ULM — Four hours into a barnstorming tour of Montana, U.S. Agriculture Secretary Sonny Perdue sat discussing grizzly bears and coyotes on the Canadian border.
It seemed the USDA had, through two presidencies, been cutting back on staff dedicated to dealing with the wildlife problems, and now the bears were wandering north and east into Montana ranch land where previously grizzlies hadn't been a problem.
This is coyote country, explained sheep rancher Dave McEwen, who had an audience that included not only Perdue, but Senate Agriculture Committee Chairman Pat Roberts, of Kansas, and Montana U.S. Sen Steve Daines. There were also a dozen farmers and ranchers from across the state, willing witnesses to the sheep rancher's tale told under a canvas tent upwind from the corral at Rick Bogdon's Ulm cattle ranch.

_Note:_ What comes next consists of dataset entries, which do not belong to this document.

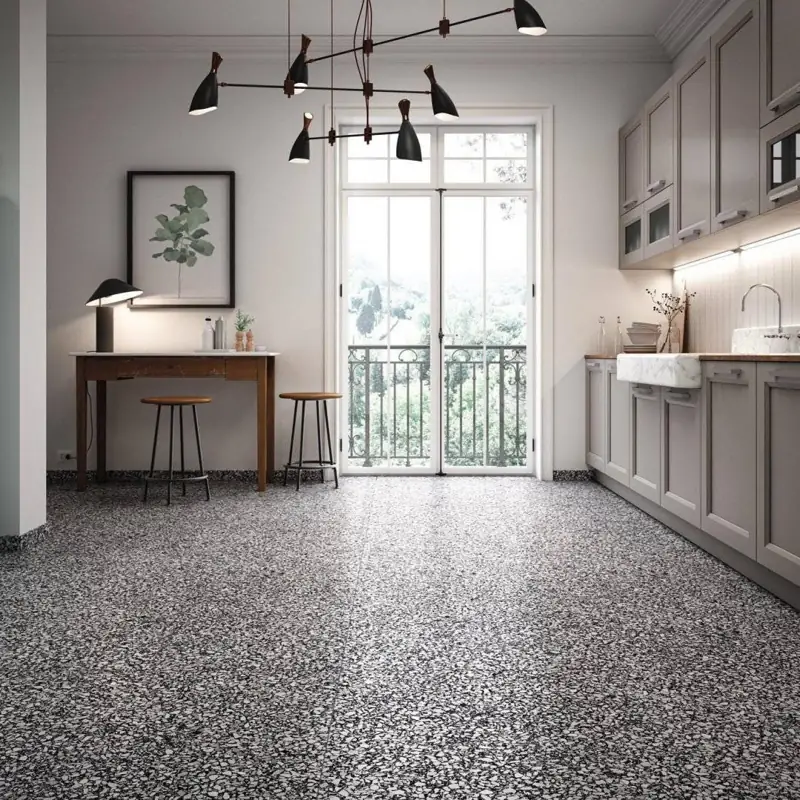 Minimalist kitchen with dark salt-and-pepper terrazzo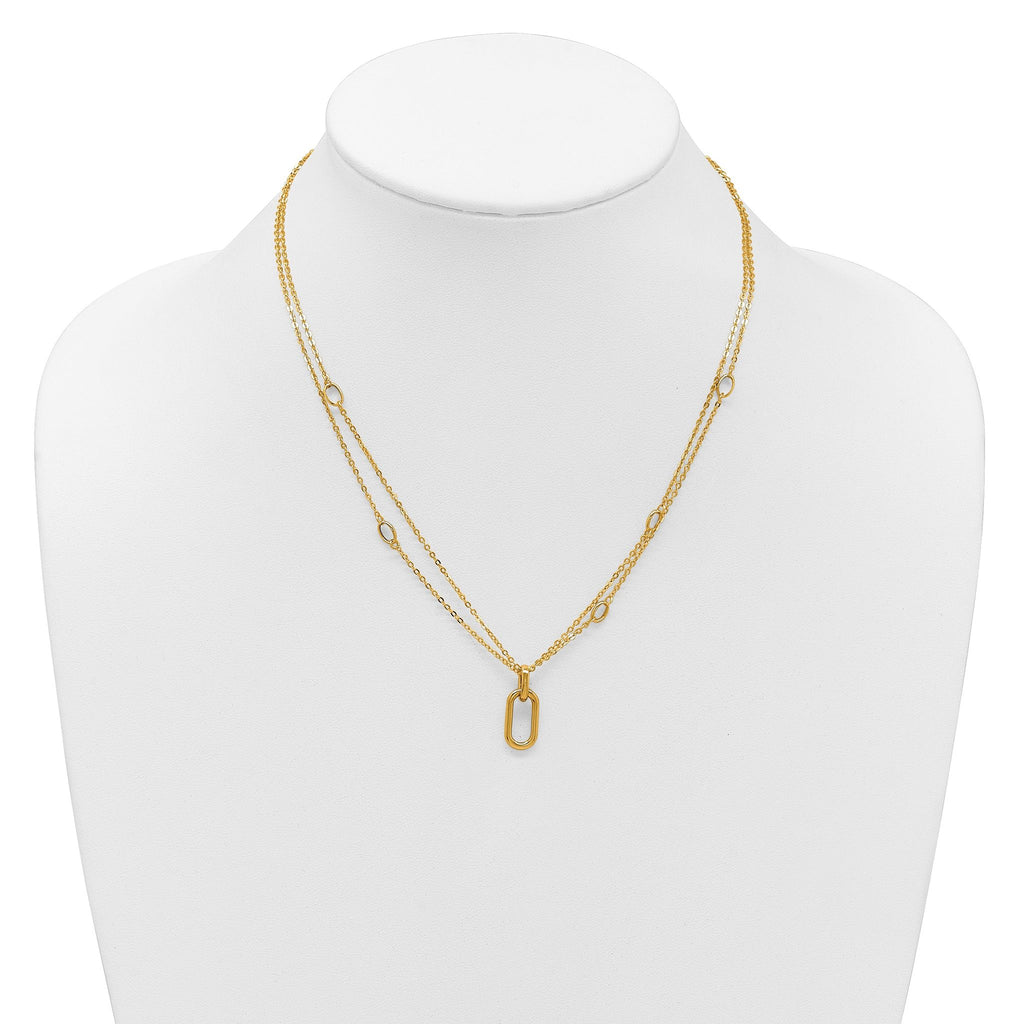 14K Polished Fancy Two-Strand Link Necklace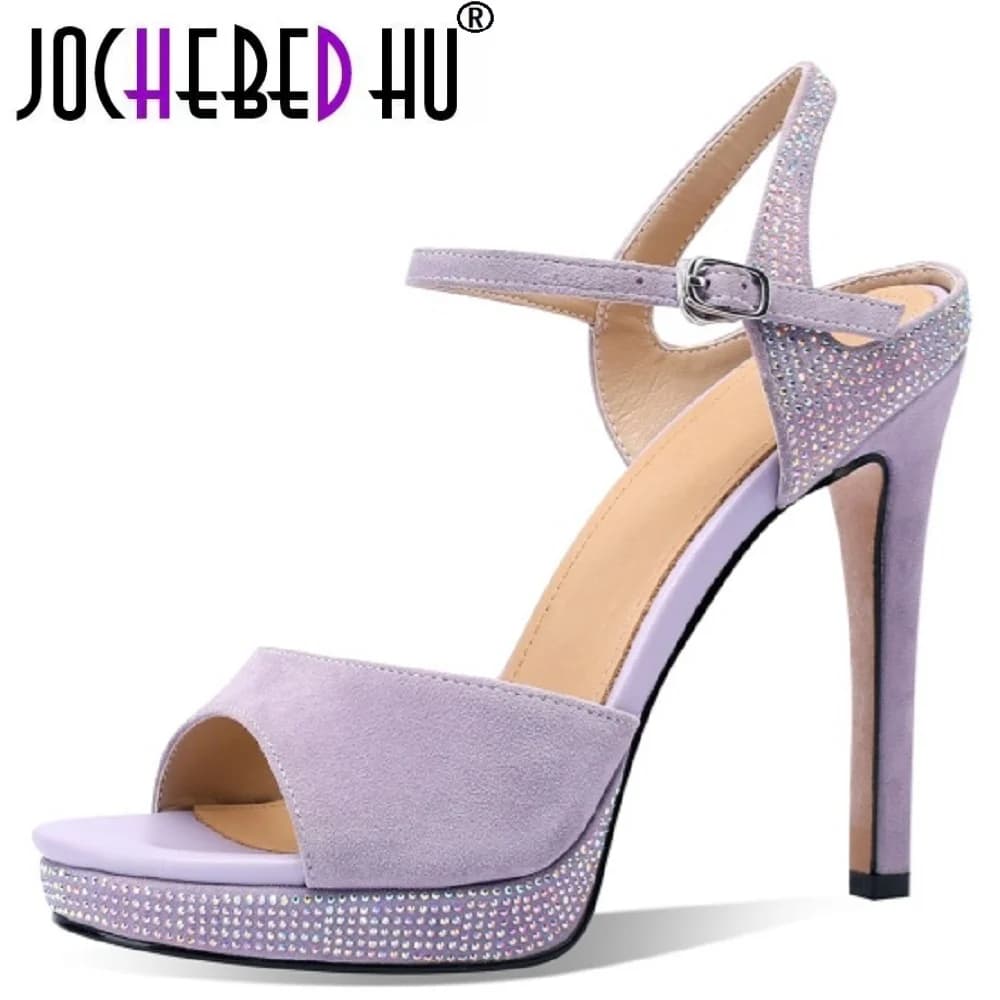 【JOCHEBED HU】New Summer Simple Handmade Genuine Leather round Head Waterproof Platform Rhinestone Open Toe Sexy Ultra Heel 33-40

On a day when the the thunder clouds boiled above the May green landscape, the setting couldn't have been more Montana.
A hundred lambs a year lost to coyotes isn't unheard of, McEwen said. The discussion was pulling everyone's attention from the other coyotes facing Montana's largest private economic sector: a trade deal with Japan gone stale; the wrinkles that need to be ironed out before U.S. beef can be sold in China again for the first time in more than a decade; and budget cuts proposed by President Donald Trump that will likely affect farm subsidies.
By comparison, the grizzly and coyote problems were looking more easily solved for the state where agriculture is a $5 billion industry.
When federal help is available, ranchers control the coyotes with M44, a poison that has to be corked wherever endangered species like grizzlies are present.
The coyotes, McEwen said, are back with a vengeance, moving south from Canada for the easy eats.
"It's a nightmare. What the bears kill doesn't hold a candle to what the coyotes do," McEwen said, before inviting the former Georgia Gov. Perdue back this fall to "experience the aerial management of coyotes."
To which Perdue, unphased replied, "will you let me hang out of the 'copter?"
There were no shortage of the issues Montana farmers and ranchers were hoping Perdue would target. Wheat farmers told him that while they didn't favor ditching the North American Free Trade Agreement (which has brought Mexico breweries to Montana looking to buy barley), they do want it retooled.
Wheat trade with Canada has been a one-way street with Canadians trucking quality wheat into Montana for full-value sale, while Canadians grade all U.S. grain as animal feed quality, making sales into Canada pointless.
Ryan McCormick, speaking for the Montana Grain Growers Association, said a trade deal with Japan was crucial for the state's wheat farmers, who since 2007 have had more $1 billion wheat years than in any other time in history. Nearly 80 percent of Montana's wheat is exported and most is shipped to Asian Pacific buyers, namely Japan.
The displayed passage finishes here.